Insensibility - Wilfred Owen (Additional English)

With bitter irony Owen presents in this poem the dehumanizing influence of war on man. Ironically the poet observes that if there are people who could become insensible before they are killed, then they are to be considered really lucky. Very often in war people i.e. soldiers allow their felling to be deadened. War has actually blunted the sense of pity of the soldiers for their dead comrades. So they march in the battlefield, trampling in the dead bodies of their comrades quite unconcerned.
When soldiers in the front line are mowed down by the enemy artillery, their comrades have no compassion for them. Though most of them are the youth of the country, its finest flowers, the callous soldiers think that it is sentimental nonsense for the poets to lament their death. The hardened soldiers feel that there is no need to mourn the death of their comrades. The gaps in the ranks caused by their death will be filled by a fresh batch of soldiers. No one is bothered about the loss of so much human material.
Some soldiers have stopped feeling for themselves. Owen thinks that in one sense it is a blessing to be bereft of feeling; insensibility is the best defense against the horrors and uncertainties of the war. The incalculable element in war is less puzzling to the soldiers than the figures in their pay bills. Happy are the soldiers deprived of imagination as that would only add to burden of ammunition they have to carry.
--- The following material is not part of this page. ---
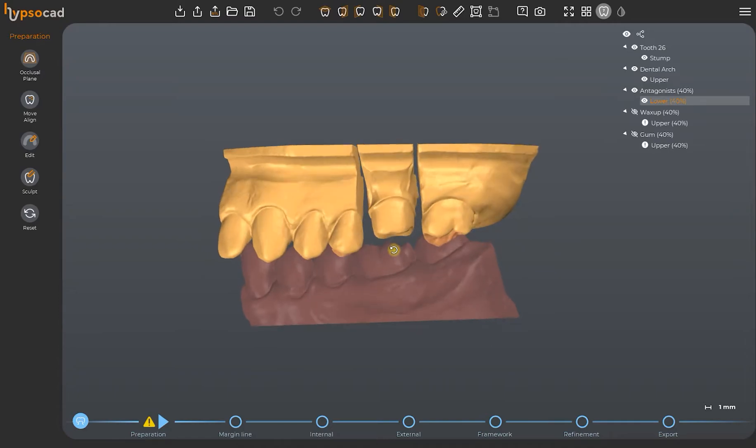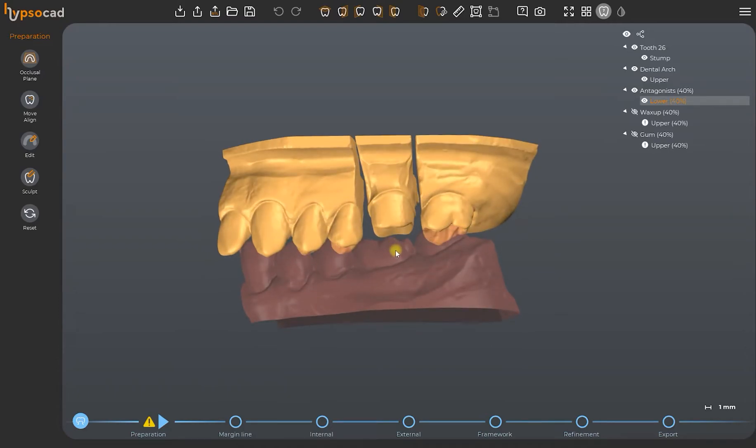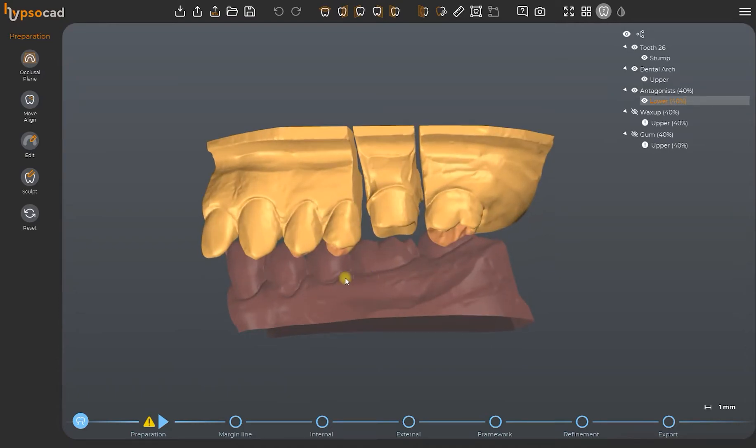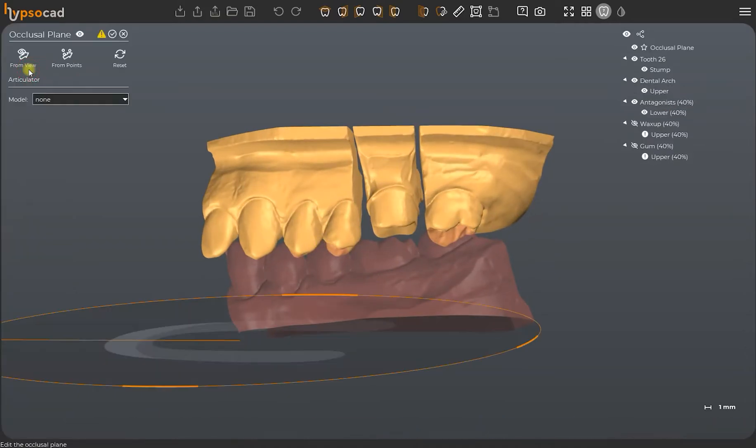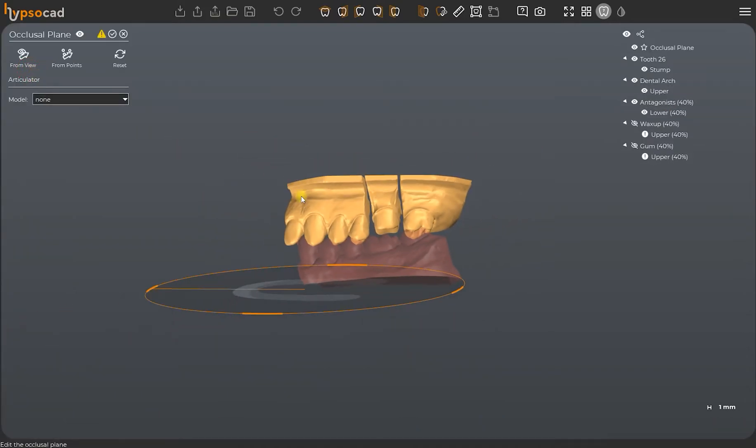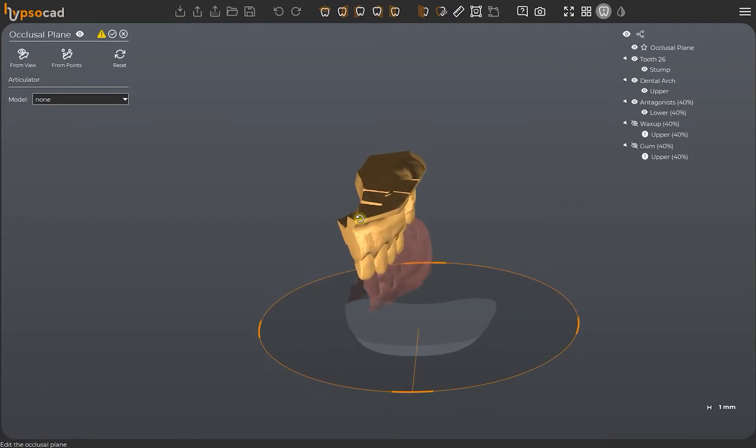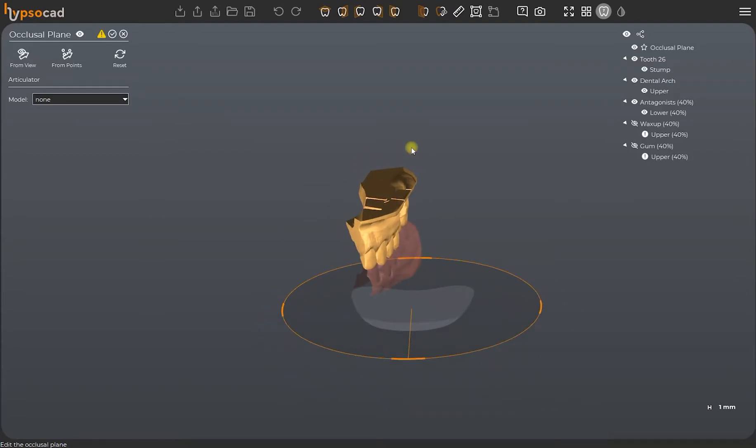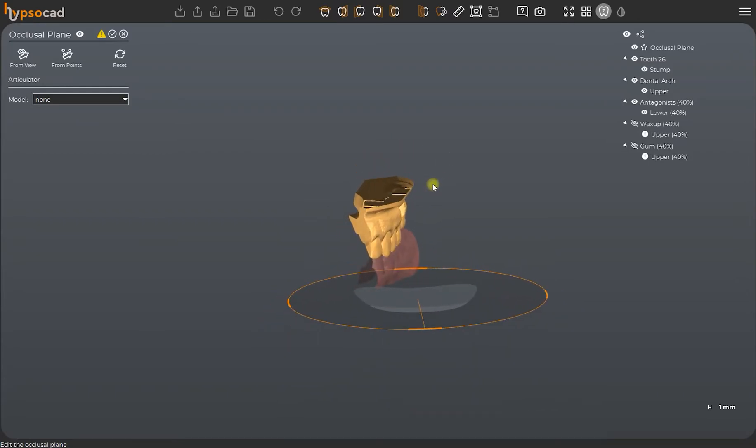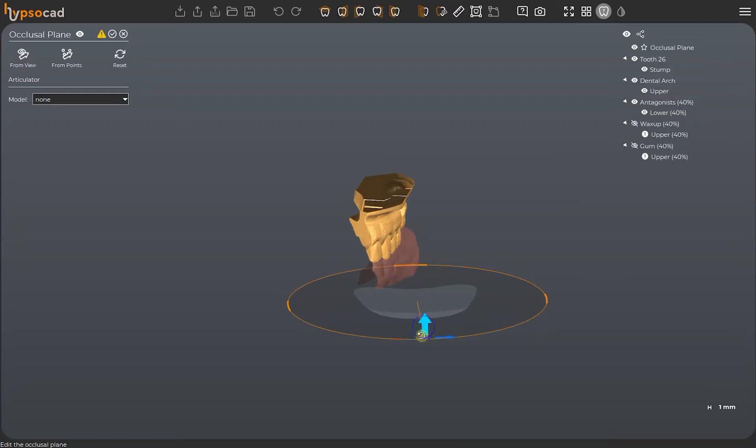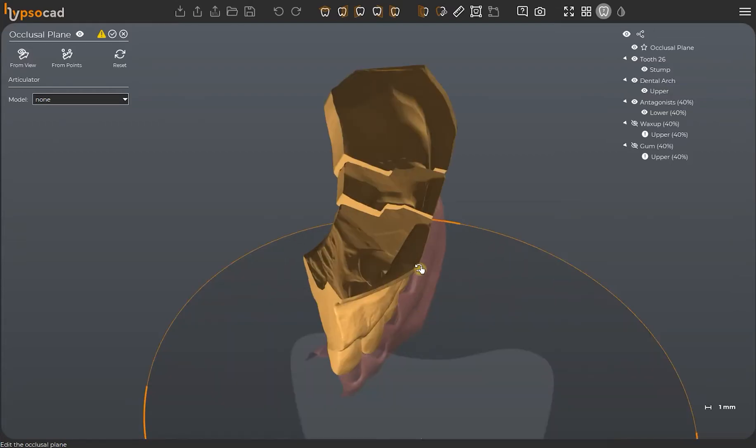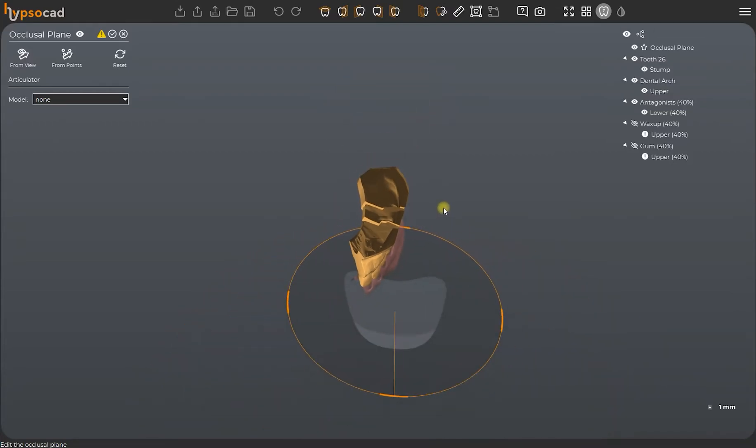Once you have imported and assigned all mandatory meshes, you may proceed to hip socket tools starting from occlusion plane. Its correct inclination will determine your restoration's direction by facilitating the anatomical positioning of the teeth.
The soldiers do not shrink with disgust from the sight of blood because it is too common in the battlefield. Their senses are burnt by the cautery (hot iron): here, it is the gun. Their sense feeling is so much seared that they can laugh at the sight of their comrades’ death. Happy is the soldier who comes home without any nation that every morning some men attack and many lives are lost. The war-worn veterans’ march silently knowing fully that death will seize them as certainly as night follows day.
Let us not be moved by the bloodshed in the battle fled. We shell learn to kook at through the eyes of the callous soldiers. A soldier is never known for finer feelings which make a man’s life rich. Hence when a soldier dies, nothing of any value departs from him. The soldier dies not know the difference between the tranquil end of a well-lived life and towards the hysterical end of his own contemptible life. The poet towards the end of the poem openly condemns the brutalized soldier who is not shocked even by the boom of the cannon.
The civilians are immune to pity. They are cursed who cannot feel. Their lack of feeling was deliberate. By choice the soldiers made themselves immune to pity, immune to death and immune to misfortune. It is but natural that man feels for others suffering. The quality of pity should always spring in the human bosom. It is regrettable that this spring is dried up in us.